Spain’s Olive Press reported the 8-foot tall statues will feature plaques with information about the two artists. The project, funded by Unicaja bank, is estimated to cost €18,000, or nearly $20,000.
Hemingway and Welles were both bullfighting aficionados with close ties to Ronda.
A street in Ronda is named the “Paseo de Orson Welles.” His ashes are buried at the Ronda country property of his close friend, the late matador Antonio Ordoñez.
Hemingway is remembered for such novels as For Whom the Bell Tolls, which features a climactic scene inspired by real-life events that took place in Ronda during the Spanish Civil War. Hemingway also wrote the classic 1932 book on bullfighting, Death in the Afternoon, and his posthumously published The Dangerous Summer (1985), deals with the 1959 bullfight rivalry between Ordoñez and his brother-in-law Luis Miguel Dominguin.

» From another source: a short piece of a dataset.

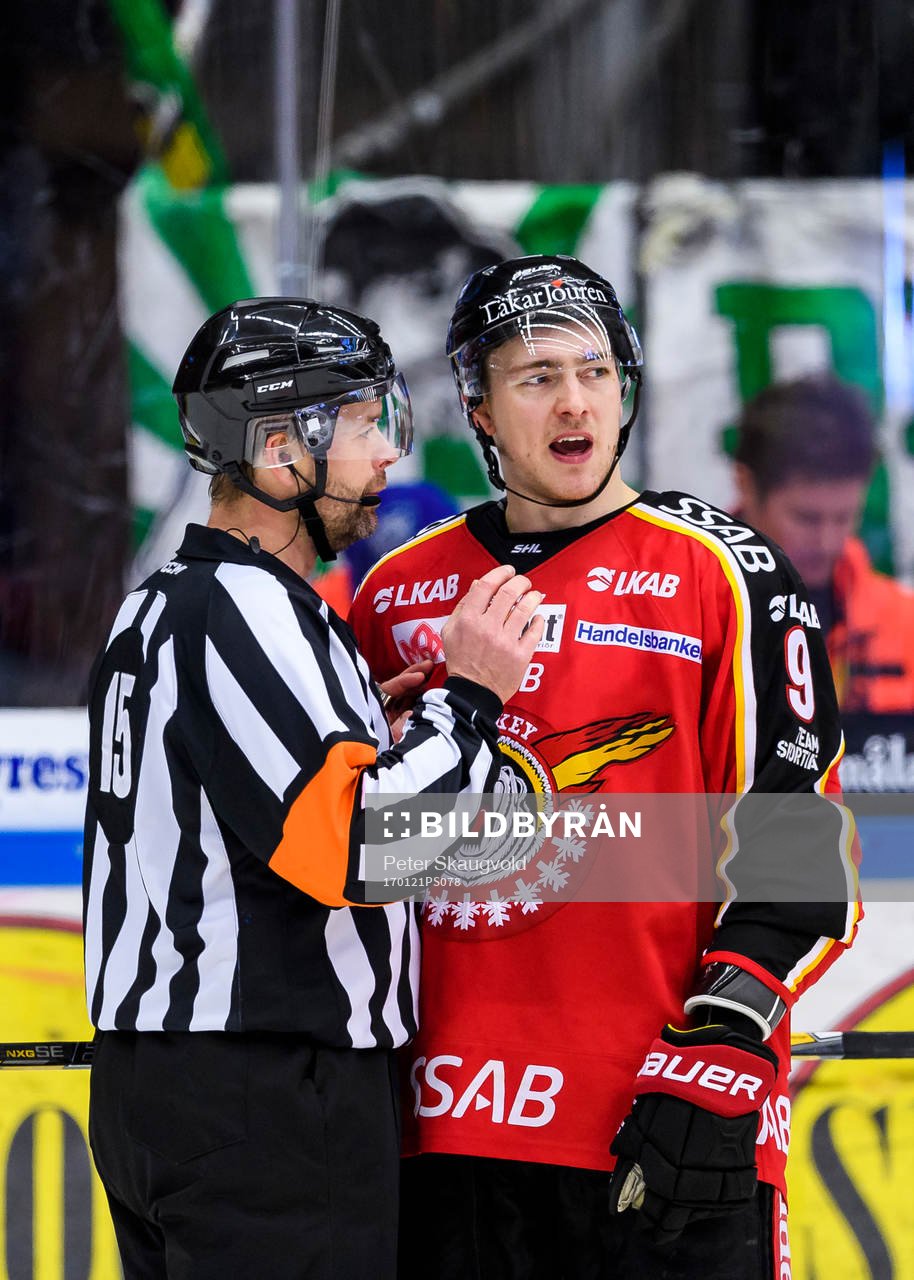 Domare Patrik Sjöberg pratar med Luleås Johan Forsberg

Welles may have been inspired by those bullfights and Hemingway’s 1960 articles in Life magazine when he came to write The Sacred Beasts, which morphed into The Other Side of the Wind.
Welles dropped the bullfight aspect of The Other Side of the Wind on the first day of shooting, August 23, 1970, telling Joseph McBride he could not get cameras across the border to Tijuana, where the characters were going to watch a bullfight.
The aborted It’s All True featured a segment on bullfighting, My Friend Bonito.
An increasingly popular tourist destination, the picturesque Ronda is situated in a mountainous region about 60 miles west of Málaga.